> [Material provided]:
####
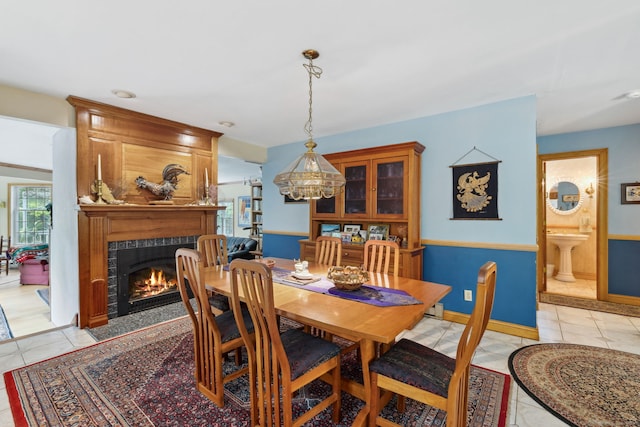 143 Petticoat Ln, East Haddam, CT 06423 - dining area with a fireplace, light tile patterned floors, and baseboards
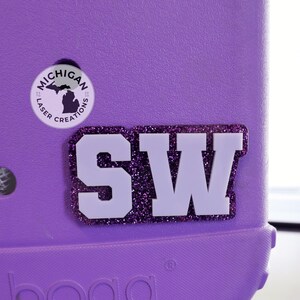 May include: A purple item with a white "SW" letter design outlined in purple glitter. A circular sticker with "Michigan Laser Creations" and a Michigan outline is also visible. The item is a solid purple color.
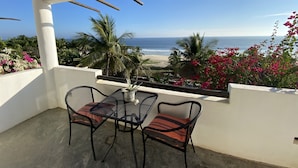 A balcony with a table and chairs, overlooking a beach with palm trees and bougainvillea flowers. - Beachfront villa is settled in Playa Agua Blanca 25 min from Puerto Escondido.  (Santa Maria Tonameca)
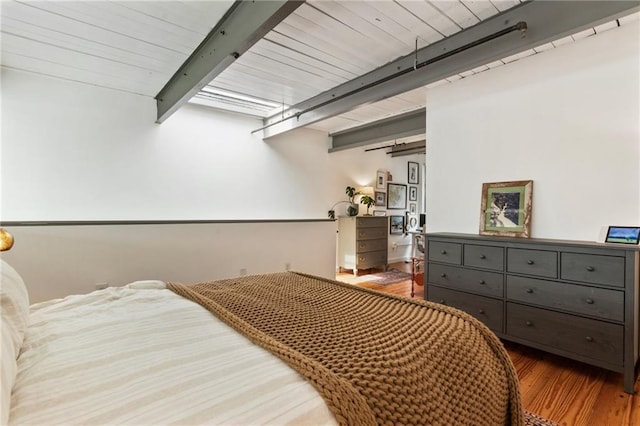 1661 La France St NE Unit 222, Atlanta, GA 30307 - bedroom with beamed ceiling and wood finished floors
####
> [Required work]: Exclude all images and return the listing word for word.

> [Reply]:
 143 Petticoat Ln, East Haddam, CT 06423 - dining area with a fireplace, light tile patterned floors, and baseboards
 May include: A purple item with a white "SW" letter design outlined in purple glitter. A circular sticker with "Michigan Laser Creations" and a Michigan outline is also visible. The item is a solid purple color.
 A balcony with a table and chairs, overlooking a beach with palm trees and bougainvillea flowers. - Beachfront villa is settled in Playa Agua Blanca 25 min from Puerto Escondido.  (Santa Maria Tonameca)
 1661 La France St NE Unit 222, Atlanta, GA 30307 - bedroom with beamed ceiling and wood finished floors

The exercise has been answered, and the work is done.